When I first heard about the Jane M. Klausman, women in business scholarship for Zonta International I wanted to find out what it meant to be a Zonta member and what the club was all about. I came to find that the number one goal was to advance the status of women worldwide. For almost 100 years Zonta International has brought business women together to build upon their strengths to deliver opportunity and advancement for women all over the world. This is the type of organization that would have been perfect for my mom and her many talents. An organization I can only hope to be a part of someday.
I look at the dedication and commitment that women like Jane Klausman had and the courage it took for her to be a pioneer and advocate for women and their professional lives during the 1940s and 50s. I’m sure she faced many obstacles and discouragement from those around her but she continued on as a business professional, writing books to inspire others. Her legacy is truly an inspiration for me not to only be a strong woman in the business world striving for success but to go beyond that. As Ms. Klausman sought to pave the way providing support and reinforcement for women, I too would like to be an inspiration for women of the next generation. Be a woman that my six daughters can look up to and know there is so much they too can do with their lives. They can know that no matter what mistakes you have made it is never too late to try again and push forward.
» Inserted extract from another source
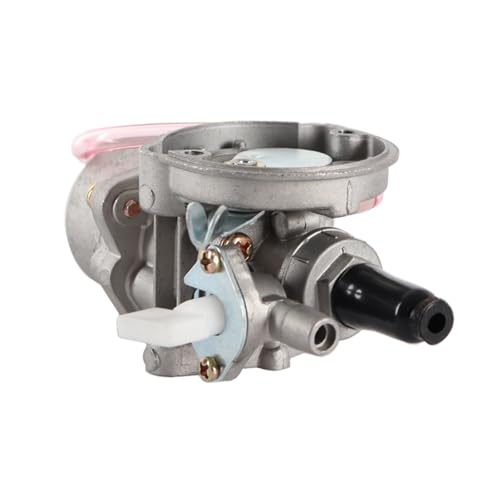Carburador de 47cc y 49cc con kit de válvula de lengüeta para mini moto de cross 4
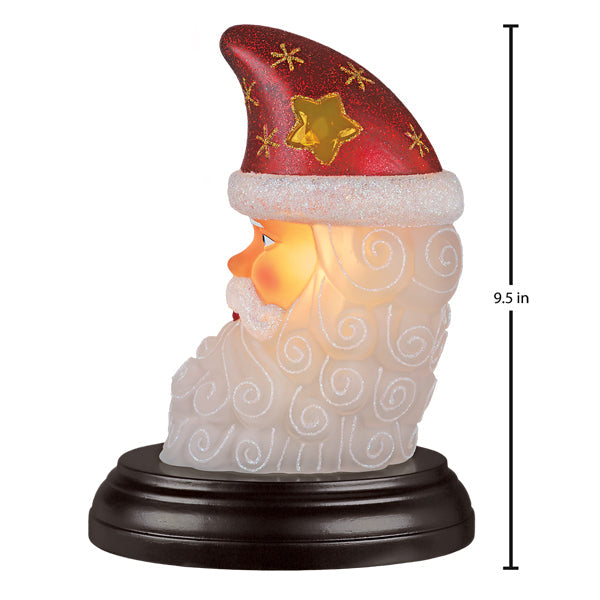 Santa Moon Face Light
Being a woman, a mother of six and a striving student for entrepreneurship the odds stand tall against me. Living in the 21st century and trying to instill the values of our mothers and grandmothers of being a “lady” yet educated and powerful enough to stand on your own two feet seems like an impossible mountain to climb. However, investing the time and having the courage to go back and get not just one degree but two degrees, enabling myself to set an example to my daughters, I can show them by my actions and choices, that in our ever changing society, success for women is attainable and should be attained. There can be a balance between a home life as a mother and a professional career. Women don’t have to take a step back or a time out to have a family, they can continue to push forward. As one of 2011’s the most power women in the world, claimed by Forbes Magazine, Sheryl Sandberg stated in her book Lean In, “We can reignite the revolution by internalizing the revolution. The shift to a more equal world will happen person by person. We move closer to the larger goal of true equality with each woman who leans in.” My pursuit of a higher education to pursue my own business and a more stable homestead for my daughters is my “leaning in” to continue the revolution of women seeking a more equal world our mothers before us only dreamed of.
PS: I thought you and the ladies of Zonta might like to know that I have been chosen by the Western Mass Women’s Magazine for their top scholarship award for the Women in Business Scholarship. On October 16, 2014 I will be presented with a check from the CEO of Health New England at the annual “Top 25 Women to Watch” event.